Former Israeli Prime Minister Ariel Sharon died at a hospital near Tel Aviv on Saturday, aged of 85, after spending eight years in a coma, Israeli media said.
There was no immediate confirmation from Sheba hospital, where he was being treated, with a spokesperson announcing a statement would be given at 3:00 pm.
The long-time leader of the right-wing nationalist camp in Israeli politics suffered a massive stroke on January 4, 2006, slipping into a coma from which he has never recovered.
Sharon was first elected prime minister in February 2001, just months after walking through east Jerusalem's flashpoint Al-Aqsa mosque compound, revered by Jews as the Temple Mount, in an action that sparked the second Palestinian uprising.

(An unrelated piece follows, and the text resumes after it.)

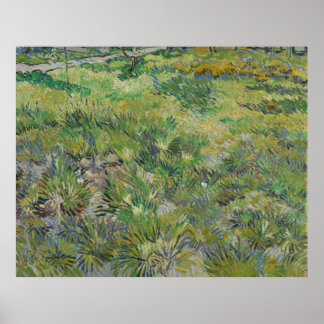 Van Gogh, Long Grass with Butterflies Poster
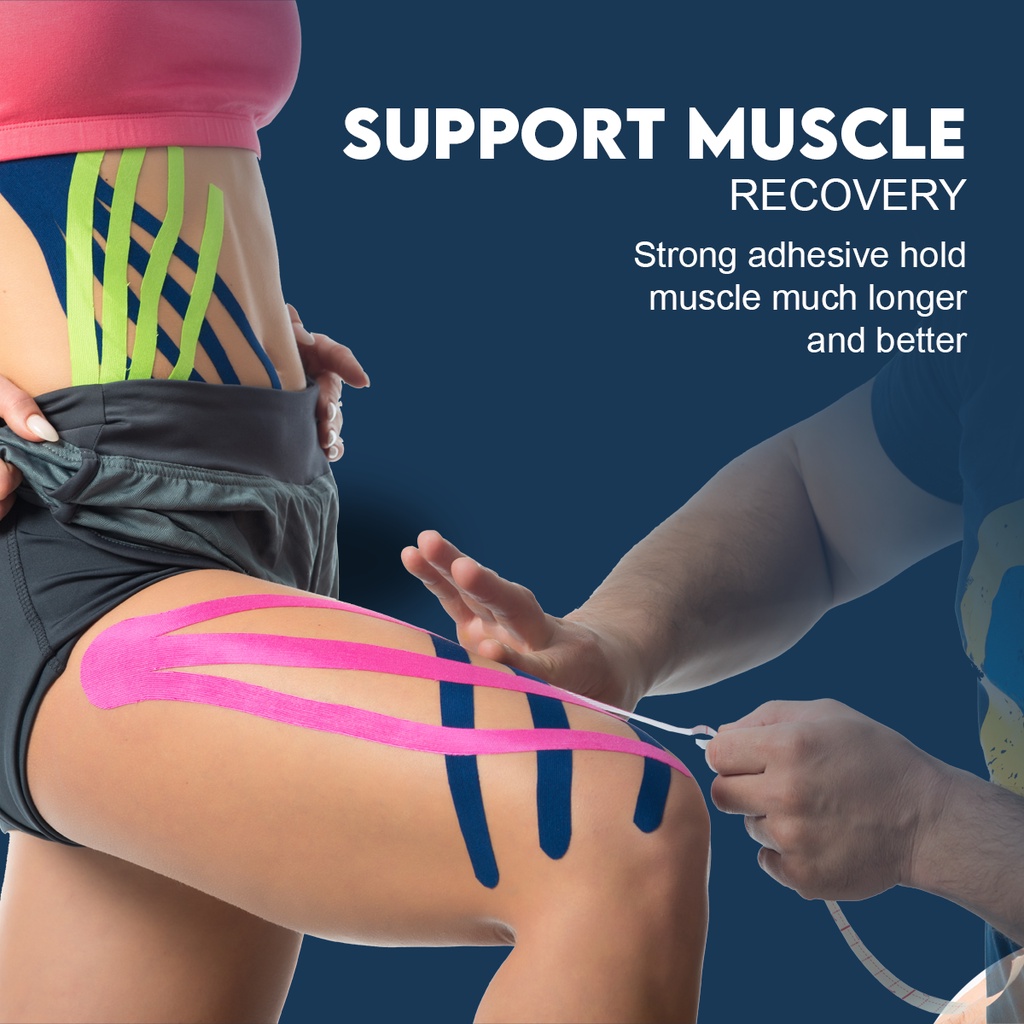 Kinesiology Sport Elastic Tape Physio Strapping Muscle Tape Pain Care ...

In November 2005, he left the right-wing Likud to set up a new party, Kadima, frustrated by hardliners opposed to his withdrawal of troops and settlers from the Gaza Strip that year and to any further concessions in the occupied West Bank.
Born in British-mandate Palestine on February 27, 1928, to parents from Belarus, Sharon summed himself up in the title of his autobiography: "Warrior".
While his administration was initially seen as the most hawkish in Israeli history, less than four years after his 2001 election, it withdrew troops and settlers from Gaza, Palestinian territory occupied in the 1967 war.
Dubbed "the Bulldozer" both for his style and his physique, Sharon is also remembered by Arabs as the "Butcher of Beirut" for the massacres of Palestinian refugees at Sabra and Shatila by a Lebanese militia, while Israeli troops stood by.